3. Statutory Form Power of Attorney:
To simplify the process, California provides a Statutory Form Power of Attorney that can be used to create a general or durable POA. While this form is convenient for straightforward cases, it might not be sufficient for more complex estate plans. For those with complicated assets or specific instructions, working with an estate planning attorney is advisable. The statutory form allows individuals to customize the powers they want to grant, covering various aspects such as real estate, banking, and business operations.
4. Revocation of Power of Attorney:
The principal can revoke a Power of Attorney at any time, as long as they are still competent. This must be done in writing, and all relevant parties (like banks, healthcare providers, or anyone relying on the POA) must be notified. If the DPOA has been recorded, for instance, for real estate matters, the revocation also needs to be formally recorded.
5. Conservatorship and Power of Attorney:
If there’s no DPOA in place and the principal becomes incapacitated, a court may appoint a conservator to handle the principal’s affairs. The conservatorship process can be long and expensive, so having a DPOA is often seen as a proactive measure to avoid the court’s involvement. The DPOA allows the named agent to step in immediately to manage both financial and medical decisions without the need for court oversight.
6. Advanced Health Care Directive:
The Durable Power of Attorney for health care decisions is commonly part of the Advanced Health Care Directive.

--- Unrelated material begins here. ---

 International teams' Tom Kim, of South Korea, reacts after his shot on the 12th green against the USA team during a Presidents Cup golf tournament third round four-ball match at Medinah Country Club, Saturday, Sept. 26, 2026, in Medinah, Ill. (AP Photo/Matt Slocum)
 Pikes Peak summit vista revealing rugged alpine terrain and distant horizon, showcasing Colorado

This directive serves two purposes:
- It appoints an agent to make medical decisions on the principal’s behalf.
- It allows the principal to specify their medical treatment preferences, including decisions about end-of-life care, resuscitation, organ donation, and more.
Without this directive, family members might disagree on the principal’s wishes during a medical crisis, leading to complications.
7. Guardianship of Minor Children:
Parents in California can use a DPOA to grant temporary authority to another individual to make decisions for their minor children. This can be especially useful if the parent becomes temporarily unavailable or incapacitated. However, this power is usually limited in scope and time, and it doesn’t replace a formal legal guardianship.
8. Legal Ramifications of Not Having a POA or DPOA:
Without these documents in place, decisions about your finances, healthcare, and personal matters might end up in court, where a judge determines who takes control of these aspects. It could lead to delays, extra costs, and the involvement of people who may not have the principal’s best interests at heart.
9. Specificity is Key:
When drafting a POA or DPOA, specificity is essential. The document should be tailored to the principal’s needs, including any limitations on the agent’s authority. For instance, it’s important to be clear about what financial or medical decisions the agent can make, and under what circumstances. Working with an attorney to draft the document ensures that the principal’s wishes are followed, while also reducing the chances of disputes or misuse of power.
Given the importance and potential complexity of these documents, consulting with a knowledgeable estate planning attorney is crucial to ensure compliance with California laws and to protect the principal’s interests.